DESIGN NOTES

----------
Sanity Checking and Error Propagation
----------
  * An error is an unexpected problem. Generally errors happen at a low level
  (ie within functions that appear as leaves in the call tree), and generally
  result from failures in external functions (kmalloc, etc). These problem
  needs to be caught, and notification of the event needs to be propagated
  upward and dealt with according to the error return policy (below).
  * I've decided that sanity checks should reside at a medium to high level,
  and should be explicit. That is, instead of automatically sanity checking
  at a low level (in the create* struct-creation-functions, for example),
  we do so explicitlly (by calling a sanityCheck* function) and at a higher
  level (within the function that calls the create* function). Although this
  makes it easier to forget to do the sanity check, it allows us to catch
  problems earlier, decide when we want to sanity check and when we know it's
  not necessary, and to gain more information about why the sanity check
  failed (the sanityCheck* function might return a number of error codes,
  while the associated create* function (for example) might only be able to
  return NULL). Further, many checks must happen at a high to medium level,
  and we therefore retain consistency across the range of sanity checks by
  pushing those that could reside at a low level up to a higher level.

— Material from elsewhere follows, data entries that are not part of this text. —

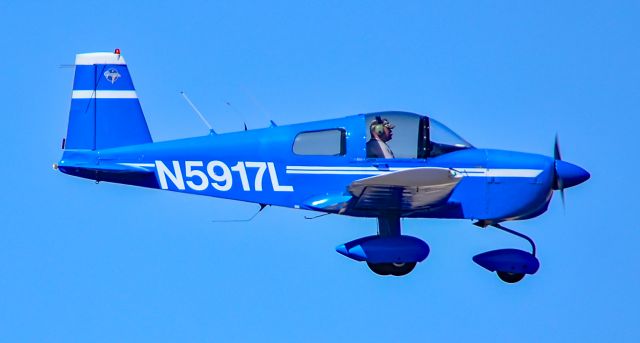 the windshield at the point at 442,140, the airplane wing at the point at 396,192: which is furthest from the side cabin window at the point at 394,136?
the airplane wing at the point at 396,192

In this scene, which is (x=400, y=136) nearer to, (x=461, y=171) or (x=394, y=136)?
(x=394, y=136)

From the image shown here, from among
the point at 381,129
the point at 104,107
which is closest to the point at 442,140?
the point at 381,129

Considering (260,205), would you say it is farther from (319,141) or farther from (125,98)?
(125,98)

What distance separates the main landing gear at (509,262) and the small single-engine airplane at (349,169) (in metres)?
0.01

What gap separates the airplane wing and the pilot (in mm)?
649

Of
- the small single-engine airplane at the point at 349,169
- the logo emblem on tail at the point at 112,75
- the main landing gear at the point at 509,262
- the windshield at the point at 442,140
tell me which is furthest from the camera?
the logo emblem on tail at the point at 112,75

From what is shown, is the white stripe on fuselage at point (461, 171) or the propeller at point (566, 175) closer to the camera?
the white stripe on fuselage at point (461, 171)

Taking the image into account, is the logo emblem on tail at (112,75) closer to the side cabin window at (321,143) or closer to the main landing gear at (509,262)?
the side cabin window at (321,143)

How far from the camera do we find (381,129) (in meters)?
14.2

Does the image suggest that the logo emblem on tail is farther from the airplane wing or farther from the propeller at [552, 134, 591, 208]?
the propeller at [552, 134, 591, 208]

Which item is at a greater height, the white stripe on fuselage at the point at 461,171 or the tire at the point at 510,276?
the white stripe on fuselage at the point at 461,171

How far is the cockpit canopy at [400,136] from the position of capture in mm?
14180

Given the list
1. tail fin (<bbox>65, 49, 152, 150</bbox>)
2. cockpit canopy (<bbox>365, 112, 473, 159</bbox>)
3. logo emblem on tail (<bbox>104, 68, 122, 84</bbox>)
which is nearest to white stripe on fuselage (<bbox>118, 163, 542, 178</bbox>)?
cockpit canopy (<bbox>365, 112, 473, 159</bbox>)

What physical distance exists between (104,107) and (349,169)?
362cm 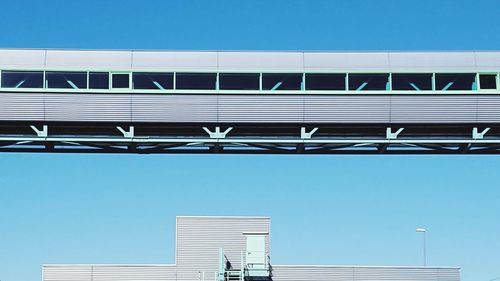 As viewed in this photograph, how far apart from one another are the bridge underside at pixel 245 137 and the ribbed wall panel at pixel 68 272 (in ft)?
27.2

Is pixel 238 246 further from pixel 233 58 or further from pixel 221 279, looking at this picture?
pixel 233 58

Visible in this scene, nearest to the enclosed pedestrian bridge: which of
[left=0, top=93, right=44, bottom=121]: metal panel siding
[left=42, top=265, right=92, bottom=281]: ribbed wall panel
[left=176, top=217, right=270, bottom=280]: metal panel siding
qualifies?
[left=0, top=93, right=44, bottom=121]: metal panel siding

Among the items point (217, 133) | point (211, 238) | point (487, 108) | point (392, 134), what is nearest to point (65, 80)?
A: point (217, 133)

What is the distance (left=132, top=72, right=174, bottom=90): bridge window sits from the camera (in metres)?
43.8

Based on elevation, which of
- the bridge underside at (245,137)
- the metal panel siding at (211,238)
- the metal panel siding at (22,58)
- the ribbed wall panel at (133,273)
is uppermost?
the metal panel siding at (22,58)

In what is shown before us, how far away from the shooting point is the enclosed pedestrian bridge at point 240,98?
43406 millimetres

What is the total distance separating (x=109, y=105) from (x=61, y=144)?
2.76 meters

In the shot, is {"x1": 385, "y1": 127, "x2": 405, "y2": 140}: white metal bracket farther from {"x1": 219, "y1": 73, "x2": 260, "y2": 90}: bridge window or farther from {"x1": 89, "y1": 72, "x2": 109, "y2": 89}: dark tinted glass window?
{"x1": 89, "y1": 72, "x2": 109, "y2": 89}: dark tinted glass window

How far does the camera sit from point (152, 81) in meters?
43.9

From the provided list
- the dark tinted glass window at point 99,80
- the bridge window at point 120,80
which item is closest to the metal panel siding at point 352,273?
the bridge window at point 120,80

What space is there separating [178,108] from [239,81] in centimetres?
276

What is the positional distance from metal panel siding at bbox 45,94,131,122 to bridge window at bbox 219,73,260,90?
3.95 metres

  * There are two major types of sanity checking we need to be concerned
  with: Sanity checking of user/application input (which, eventually, will
  all go into the add/peekAndStrip tables) and sanity checking of incoming
  packet data.

--- Errors
  * Error return policy: The concern is that exiting functions (through
  return statements resulting from error conditions) might introduce bugs
  (including memory leaks) into otherwise bug free code. The policy to prevent
  this is simple enough: When returning from a function in error, make sure
  to undo everything done up to that point. This includes free'ing memory,
  undoing modifications to global data structures, and undoing changes to
  arguments passed into the function.

  * I have never liked return value checking of the form: if (functionCall() <
  0){ errorHandling }, or, even worse: if ((returnValue = functionCall()) ==
  NULL) { errorHandling }. I feel that it buries the function call (which is
  the most important thing if you are trying to read the code and understand
  what it does).
  * I have therefore begun using if (returnedErrorStatus(functionCall())) {
  errorHandling }. This isn't a perfect solution, but I feel it makes the
  code more readable. It is still possible to assign the return value to
  a variable (especially when the return value is a pointer) and then use
  these functions to check if the function returned an error.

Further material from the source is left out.